(Exercise data)
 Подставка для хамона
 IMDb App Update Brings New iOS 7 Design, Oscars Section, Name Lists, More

---

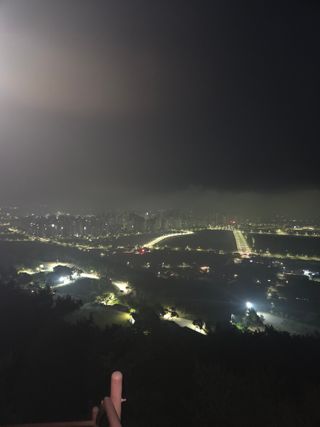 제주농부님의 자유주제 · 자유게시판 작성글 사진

(Exercise directions)
Copy the lines above exactly. Start with the line containing "Подставка для хамона", end with the line containing "IMDb App Update", and include both.

(Result for this exercise)
 Подставка для хамона
 IMDb App Update Brings New iOS 7 Design, Oscars Section, Name Lists, More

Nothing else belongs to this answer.